DATA FOR PROCESSING -

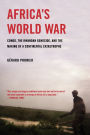 Africa's World War: Congo, the Rwandan Genocide, and the Making of a Continental Catastrophe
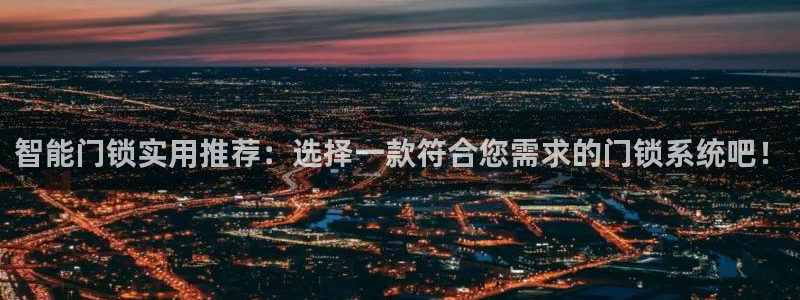 金年会是正规的吗:智能门锁实用推荐:选择一款符合您需求的门锁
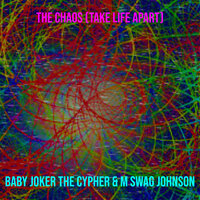 The Chaos (Take Life Apart)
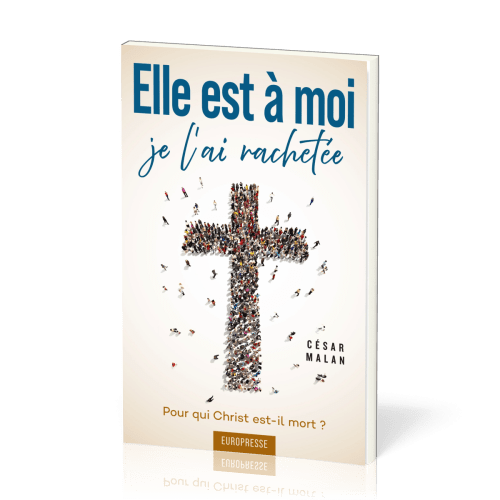 Elle est à moi… je l'ai rachetée - Pour qui Christ est-il mort ?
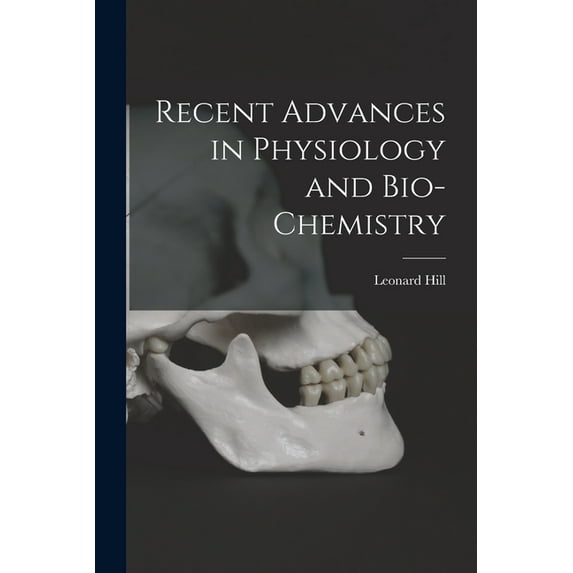 Recent Advances in Physiology and Bio-Chemistry, (Paperback)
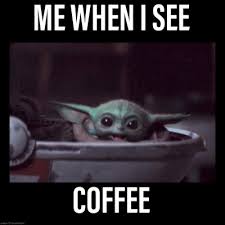 Coffee Tumblr Yoda Funny Yoda Meme Star Wars Jokes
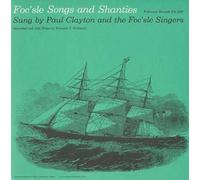 Foc'sle Songs & Shanties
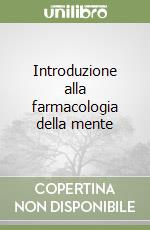 Introduzione alla farmacologia della mente libro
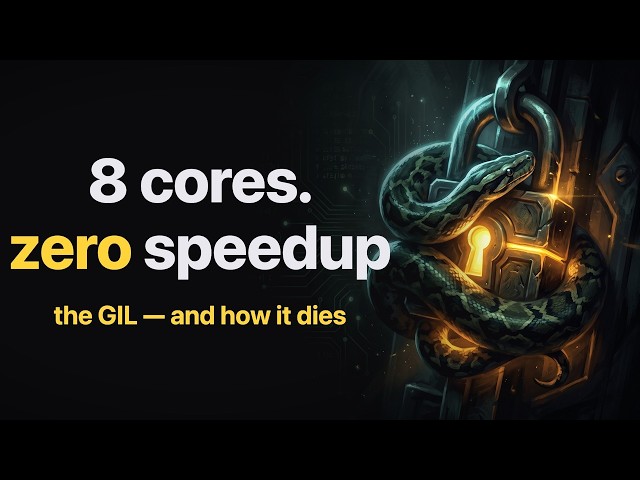 Python's GIL Explained: Why 8 Cores Give You Zero Speedup (Until Now)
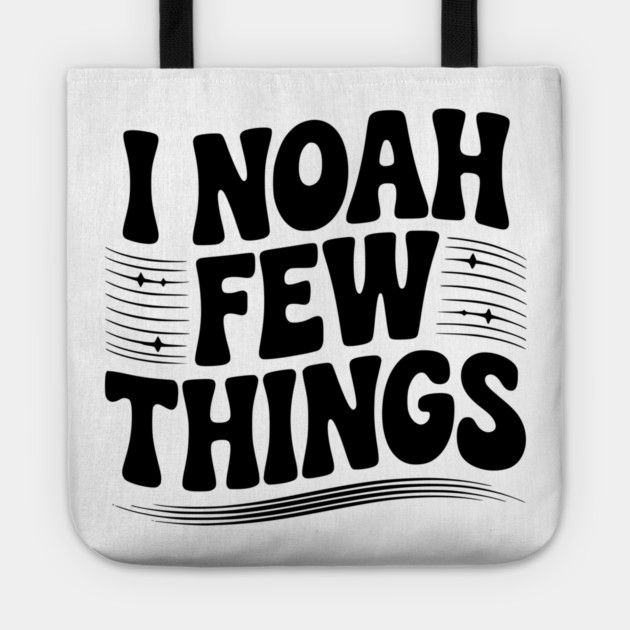 I Noah Few Things Tote by Frank Ring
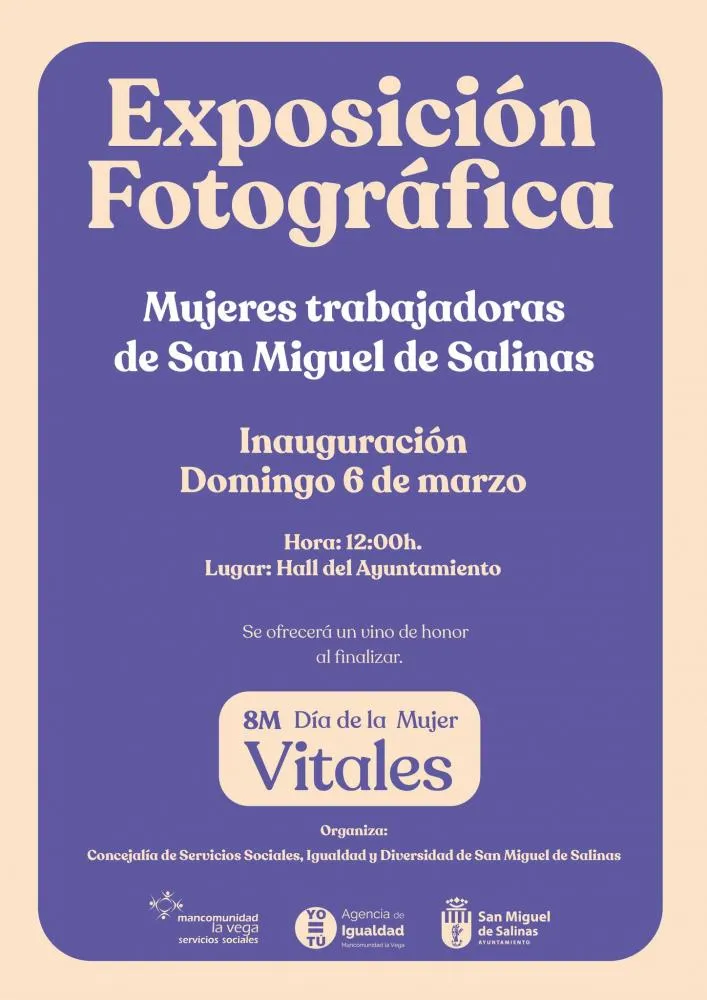 Exposición fotográfica "Mujeres trabajadores de San Miguel de Salinas"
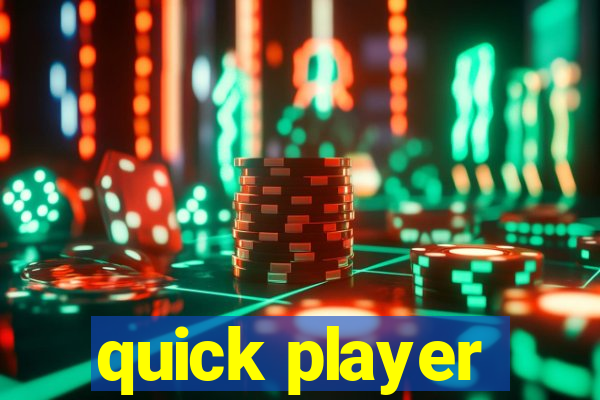 quick player
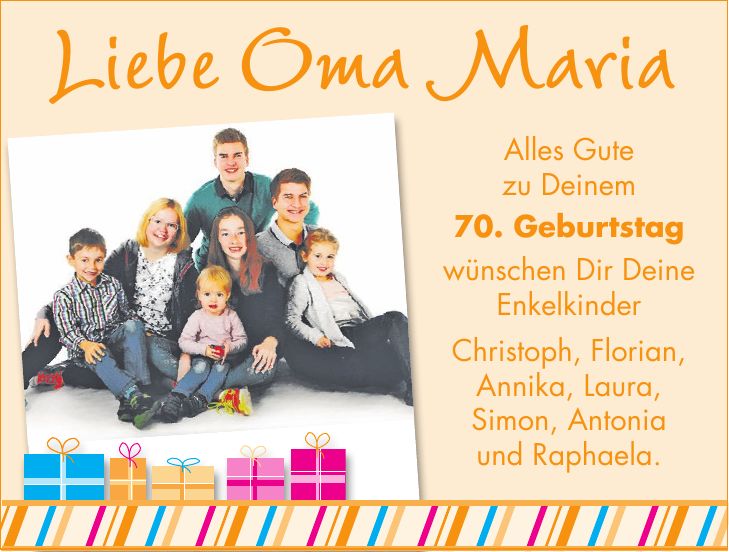 Alles Gute zu Deinem 70. Geburtstag wünschen Dir Deine Enkelkinder Christoph, Florian, Annika, Laura, Simon, Antonia und Raphaela.Liebe Oma Maria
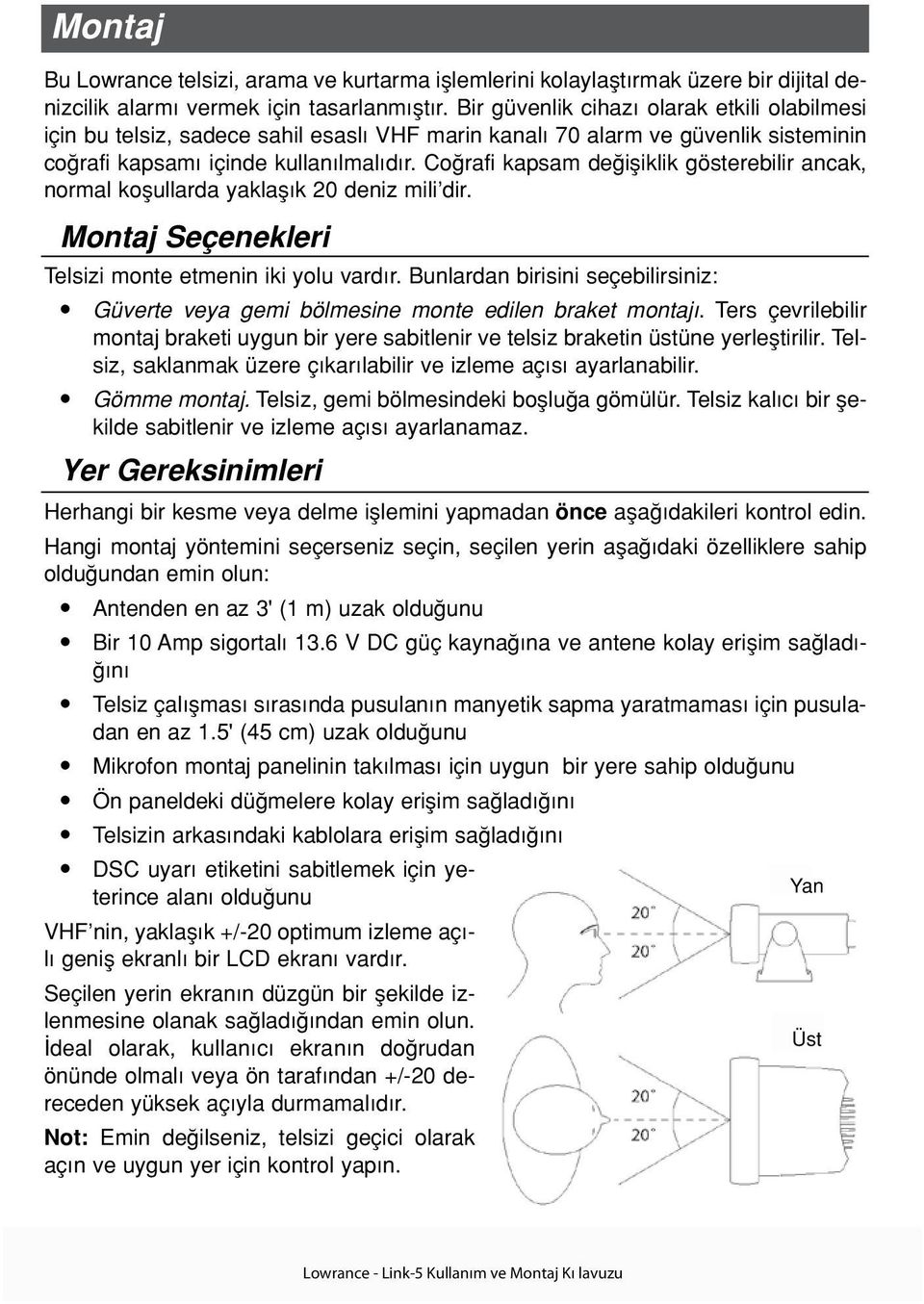 Co rafi kapsam de ifliklik gösterebilir ancak, normal koflullarda yaklafl k 20 deniz mili dir. Montaj Seçenekleri Telsizi monte etmenin iki yolu vard r.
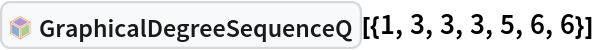 InterpretationBox[FrameBox[TagBox[TooltipBox[PaneBox[GridBox[List[List[GraphicsBox[List[Thickness[0.0025`], List[FaceForm[List[RGBColor[0.9607843137254902`, 0.5058823529411764`, 0.19607843137254902`], Opacity[1.`]]], FilledCurveBox[List[List[List[0, 2, 0], List[0, 1, 0], List[0, 1, 0], List[0, 1, 0], List[0, 1, 0]], List[List[0, 2, 0], List[0, 1, 0], List[0, 1, 0], List[0, 1, 0], List[0, 1, 0]], List[List[0, 2, 0], List[0, 1, 0], List[0, 1, 0], List[0, 1, 0], List[0, 1, 0], List[0, 1, 0]], List[List[0, 2, 0], List[1, 3, 3], List[0, 1, 0], List[1, 3, 3], List[0, 1, 0], List[1, 3, 3], List[0, 1, 0], List[1, 3, 3], List[1, 3, 3], List[0, 1, 0], List[1, 3, 3], List[0, 1, 0], List[1, 3, 3]]], List[List[List[205.`, 22.863691329956055`], List[205.`, 212.31669425964355`], List[246.01799774169922`, 235.99870109558105`], List[369.0710144042969`, 307.0436840057373`], List[369.0710144042969`, 117.59068870544434`], List[205.`, 22.863691329956055`]], List[List[30.928985595703125`, 307.0436840057373`], List[153.98200225830078`, 235.99870109558105`], List[195.`, 212.31669425964355`], List[195.`, 22.863691329956055`], List[30.928985595703125`, 117.59068870544434`], List[30.928985595703125`, 307.0436840057373`]], List[List[200.`, 410.42970085144043`], List[364.0710144042969`, 315.7036876678467`], List[241.01799774169922`, 244.65868949890137`], List[200.`, 220.97669792175293`], List[158.98200225830078`, 244.65868949890137`], List[35.928985595703125`, 315.7036876678467`], List[200.`, 410.42970085144043`]], List[List[376.5710144042969`, 320.03370475769043`], List[202.5`, 420.53370475769043`], List[200.95300006866455`, 421.42667961120605`], List[199.04699993133545`, 421.42667961120605`], List[197.5`, 420.53370475769043`], List[23.428985595703125`, 320.03370475769043`], List[21.882003784179688`, 319.1406993865967`], List[20.928985595703125`, 317.4896984100342`], List[20.928985595703125`, 315.7036876678467`], List[20.928985595703125`, 114.70369529724121`], List[20.928985595703125`, 112.91769218444824`], List[21.882003784179688`, 111.26669120788574`], List[23.428985595703125`, 110.37369346618652`], List[197.5`, 9.87369155883789`], List[198.27300024032593`, 9.426692008972168`], List[199.13700008392334`, 9.203690528869629`], List[200.`, 9.203690528869629`], List[200.86299991607666`, 9.203690528869629`], List[201.72699999809265`, 9.426692008972168`], List[202.5`, 9.87369155883789`], List[376.5710144042969`, 110.37369346618652`], List[378.1179962158203`, 111.26669120788574`], List[379.0710144042969`, 112.91769218444824`], List[379.0710144042969`, 114.70369529724121`], List[379.0710144042969`, 315.7036876678467`], List[379.0710144042969`, 317.4896984100342`], List[378.1179962158203`, 319.1406993865967`], List[376.5710144042969`, 320.03370475769043`]]]]], List[FaceForm[List[RGBColor[0.5529411764705883`, 0.6745098039215687`, 0.8117647058823529`], Opacity[1.`]]], FilledCurveBox[List[List[List[0, 2, 0], List[0, 1, 0], List[0, 1, 0], List[0, 1, 0]]], List[List[List[44.92900085449219`, 282.59088134765625`], List[181.00001525878906`, 204.0298843383789`], List[181.00001525878906`, 46.90887451171875`], List[44.92900085449219`, 125.46986389160156`], List[44.92900085449219`, 282.59088134765625`]]]]], List[FaceForm[List[RGBColor[0.6627450980392157`, 0.803921568627451`, 0.5686274509803921`], Opacity[1.`]]], FilledCurveBox[List[List[List[0, 2, 0], List[0, 1, 0], List[0, 1, 0], List[0, 1, 0]]], List[List[List[355.0710144042969`, 282.59088134765625`], List[355.0710144042969`, 125.46986389160156`], List[219.`, 46.90887451171875`], List[219.`, 204.0298843383789`], List[355.0710144042969`, 282.59088134765625`]]]]], List[FaceForm[List[RGBColor[0.6901960784313725`, 0.5882352941176471`, 0.8117647058823529`], Opacity[1.`]]], FilledCurveBox[List[List[List[0, 2, 0], List[0, 1, 0], List[0, 1, 0], List[0, 1, 0]]], List[List[List[200.`, 394.0606994628906`], List[336.0710144042969`, 315.4997024536133`], List[200.`, 236.93968200683594`], List[63.928985595703125`, 315.4997024536133`], List[200.`, 394.0606994628906`]]]]]], List[Rule[BaselinePosition, Scaled[0.15`]], Rule[ImageSize, 10], Rule[ImageSize, 15]]], StyleBox[RowBox[List["GraphicalDegreeSequenceQ", " "]], Rule[ShowAutoStyles, False], Rule[ShowStringCharacters, False], Rule[FontSize, Times[0.9`, Inherited]], Rule[FontColor, GrayLevel[0.1`]]]]], Rule[GridBoxSpacings, List[Rule["Columns", List[List[0.25`]]]]]], Rule[Alignment, List[Left, Baseline]], Rule[BaselinePosition, Baseline], Rule[FrameMargins, List[List[3, 0], List[0, 0]]], Rule[BaseStyle, List[Rule[LineSpacing, List[0, 0]], Rule[LineBreakWithin, False]]]], RowBox[List["PacletSymbol", "[", RowBox[List["\"PeterBurbery/UndirectedGraphs\"", ",", "\"PeterBurbery`UndirectedGraphs`GraphicalDegreeSequenceQ\""]], "]"]], Rule[TooltipStyle, List[Rule[ShowAutoStyles, True], Rule[ShowStringCharacters, True]]]], Function[Annotation[Slot[1], Style[Defer[PacletSymbol["PeterBurbery/UndirectedGraphs", "PeterBurbery`UndirectedGraphs`GraphicalDegreeSequenceQ"]], Rule[ShowStringCharacters, True]], "Tooltip"]]], Rule[Background, RGBColor[0.968`, 0.976`, 0.984`]], Rule[BaselinePosition, Baseline], Rule[DefaultBaseStyle, List[]], Rule[FrameMargins, List[List[0, 0], List[1, 1]]], Rule[FrameStyle, RGBColor[0.831`, 0.847`, 0.85`]], Rule[RoundingRadius, 4]], PacletSymbol["PeterBurbery/UndirectedGraphs", "PeterBurbery`UndirectedGraphs`GraphicalDegreeSequenceQ"], Rule[Selectable, False], Rule[SelectWithContents, True], Rule[BoxID, "PacletSymbolBox"]][{1, 3, 3, 3, 5, 6, 6}]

TASK PROMPT - The reply should reproduce every entry above word for word and contain no pictures.

WRITTEN SOLUTION -
 Africa's World War: Congo, the Rwandan Genocide, and the Making of a Continental Catastrophe
 金年会是正规的吗:智能门锁实用推荐:选择一款符合您需求的门锁
 The Chaos (Take Life Apart)
 Elle est à moi… je l'ai rachetée - Pour qui Christ est-il mort ?
 Recent Advances in Physiology and Bio-Chemistry, (Paperback)
 Coffee Tumblr Yoda Funny Yoda Meme Star Wars Jokes
 Foc'sle Songs & Shanties
 Introduzione alla farmacologia della mente libro
 Python's GIL Explained: Why 8 Cores Give You Zero Speedup (Until Now)
 I Noah Few Things Tote by Frank Ring
 Exposición fotográfica "Mujeres trabajadores de San Miguel de Salinas"
 quick player
 Alles Gute zu Deinem 70. Geburtstag wünschen Dir Deine Enkelkinder Christoph, Florian, Annika, Laura, Simon, Antonia und Raphaela.Liebe Oma Maria
 Co rafi kapsam de ifliklik gösterebilir ancak, normal koflullarda yaklafl k 20 deniz mili dir. Montaj Seçenekleri Telsizi monte etmenin iki yolu vard r.
 InterpretationBox[FrameBox[TagBox[TooltipBox[PaneBox[GridBox[List[List[GraphicsBox[List[Thickness[0.0025`], List[FaceForm[List[RGBColor[0.9607843137254902`, 0.5058823529411764`, 0.19607843137254902`], Opacity[1.`]]], FilledCurveBox[List[List[List[0, 2, 0], List[0, 1, 0], List[0, 1, 0], List[0, 1, 0], List[0, 1, 0]], List[List[0, 2, 0], List[0, 1, 0], List[0, 1, 0], List[0, 1, 0], List[0, 1, 0]], List[List[0, 2, 0], List[0, 1, 0], List[0, 1, 0], List[0, 1, 0], List[0, 1, 0], List[0, 1, 0]], List[List[0, 2, 0], List[1, 3, 3], List[0, 1, 0], List[1, 3, 3], List[0, 1, 0], List[1, 3, 3], List[0, 1, 0], List[1, 3, 3], List[1, 3, 3], List[0, 1, 0], List[1, 3, 3], List[0, 1, 0], List[1, 3, 3]]], List[List[List[205.`, 22.863691329956055`], List[205.`, 212.31669425964355`], List[246.01799774169922`, 235.99870109558105`], List[369.0710144042969`, 307.0436840057373`], List[369.0710144042969`, 117.59068870544434`], List[205.`, 22.863691329956055`]], List[List[30.928985595703125`, 307.0436840057373`], List[153.98200225830078`, 235.99870109558105`], List[195.`, 212.31669425964355`], List[195.`, 22.863691329956055`], List[30.928985595703125`, 117.59068870544434`], List[30.928985595703125`, 307.0436840057373`]], List[List[200.`, 410.42970085144043`], List[364.0710144042969`, 315.7036876678467`], List[241.01799774169922`, 244.65868949890137`], List[200.`, 220.97669792175293`], List[158.98200225830078`, 244.65868949890137`], List[35.928985595703125`, 315.7036876678467`], List[200.`, 410.42970085144043`]], List[List[376.5710144042969`, 320.03370475769043`], List[202.5`, 420.53370475769043`], List[200.95300006866455`, 421.42667961120605`], List[199.04699993133545`, 421.42667961120605`], List[197.5`, 420.53370475769043`], List[23.428985595703125`, 320.03370475769043`], List[21.882003784179688`, 319.1406993865967`], List[20.928985595703125`, 317.4896984100342`], List[20.928985595703125`, 315.7036876678467`], List[20.928985595703125`, 114.70369529724121`], List[20.928985595703125`, 112.91769218444824`], List[21.882003784179688`, 111.26669120788574`], List[23.428985595703125`, 110.37369346618652`], List[197.5`, 9.87369155883789`], List[198.27300024032593`, 9.426692008972168`], List[199.13700008392334`, 9.203690528869629`], List[200.`, 9.203690528869629`], List[200.86299991607666`, 9.203690528869629`], List[201.72699999809265`, 9.426692008972168`], List[202.5`, 9.87369155883789`], List[376.5710144042969`, 110.37369346618652`], List[378.1179962158203`, 111.26669120788574`], List[379.0710144042969`, 112.91769218444824`], List[379.0710144042969`, 114.70369529724121`], List[379.0710144042969`, 315.7036876678467`], List[379.0710144042969`, 317.4896984100342`], List[378.1179962158203`, 319.1406993865967`], List[376.5710144042969`, 320.03370475769043`]]]]], List[FaceForm[List[RGBColor[0.5529411764705883`, 0.6745098039215687`, 0.8117647058823529`], Opacity[1.`]]], FilledCurveBox[List[List[List[0, 2, 0], List[0, 1, 0], List[0, 1, 0], List[0, 1, 0]]], List[List[List[44.92900085449219`, 282.59088134765625`], List[181.00001525878906`, 204.0298843383789`], List[181.00001525878906`, 46.90887451171875`], List[44.92900085449219`, 125.46986389160156`], List[44.92900085449219`, 282.59088134765625`]]]]], List[FaceForm[List[RGBColor[0.6627450980392157`, 0.803921568627451`, 0.5686274509803921`], Opacity[1.`]]], FilledCurveBox[List[List[List[0, 2, 0], List[0, 1, 0], List[0, 1, 0], List[0, 1, 0]]], List[List[List[355.0710144042969`, 282.59088134765625`], List[355.0710144042969`, 125.46986389160156`], List[219.`, 46.90887451171875`], List[219.`, 204.0298843383789`], List[355.0710144042969`, 282.59088134765625`]]]]], List[FaceForm[List[RGBColor[0.6901960784313725`, 0.5882352941176471`, 0.8117647058823529`], Opacity[1.`]]], FilledCurveBox[List[List[List[0, 2, 0], List[0, 1, 0], List[0, 1, 0], List[0, 1, 0]]], List[List[List[200.`, 394.0606994628906`], List[336.0710144042969`, 315.4997024536133`], List[200.`, 236.93968200683594`], List[63.928985595703125`, 315.4997024536133`], List[200.`, 394.0606994628906`]]]]]], List[Rule[BaselinePosition, Scaled[0.15`]], Rule[ImageSize, 10], Rule[ImageSize, 15]]], StyleBox[RowBox[List["GraphicalDegreeSequenceQ", " "]], Rule[ShowAutoStyles, False], Rule[ShowStringCharacters, False], Rule[FontSize, Times[0.9`, Inherited]], Rule[FontColor, GrayLevel[0.1`]]]]], Rule[GridBoxSpacings, List[Rule["Columns", List[List[0.25`]]]]]], Rule[Alignment, List[Left, Baseline]], Rule[BaselinePosition, Baseline], Rule[FrameMargins, List[List[3, 0], List[0, 0]]], Rule[BaseStyle, List[Rule[LineSpacing, List[0, 0]], Rule[LineBreakWithin, False]]]], RowBox[List["PacletSymbol", "[", RowBox[List["\"PeterBurbery/UndirectedGraphs\"", ",", "\"PeterBurbery`UndirectedGraphs`GraphicalDegreeSequenceQ\""]], "]"]], Rule[TooltipStyle, List[Rule[ShowAutoStyles, True], Rule[ShowStringCharacters, True]]]], Function[Annotation[Slot[1], Style[Defer[PacletSymbol["PeterBurbery/UndirectedGraphs", "PeterBurbery`UndirectedGraphs`GraphicalDegreeSequenceQ"]], Rule[ShowStringCharacters, True]], "Tooltip"]]], Rule[Background, RGBColor[0.968`, 0.976`, 0.984`]], Rule[BaselinePosition, Baseline], Rule[DefaultBaseStyle, List[]], Rule[FrameMargins, List[List[0, 0], List[1, 1]]], Rule[FrameStyle, RGBColor[0.831`, 0.847`, 0.85`]], Rule[RoundingRadius, 4]], PacletSymbol["PeterBurbery/UndirectedGraphs", "PeterBurbery`UndirectedGraphs`GraphicalDegreeSequenceQ"], Rule[Selectable, False], Rule[SelectWithContents, True], Rule[BoxID, "PacletSymbolBox"]][{1, 3, 3, 3, 5, 6, 6}]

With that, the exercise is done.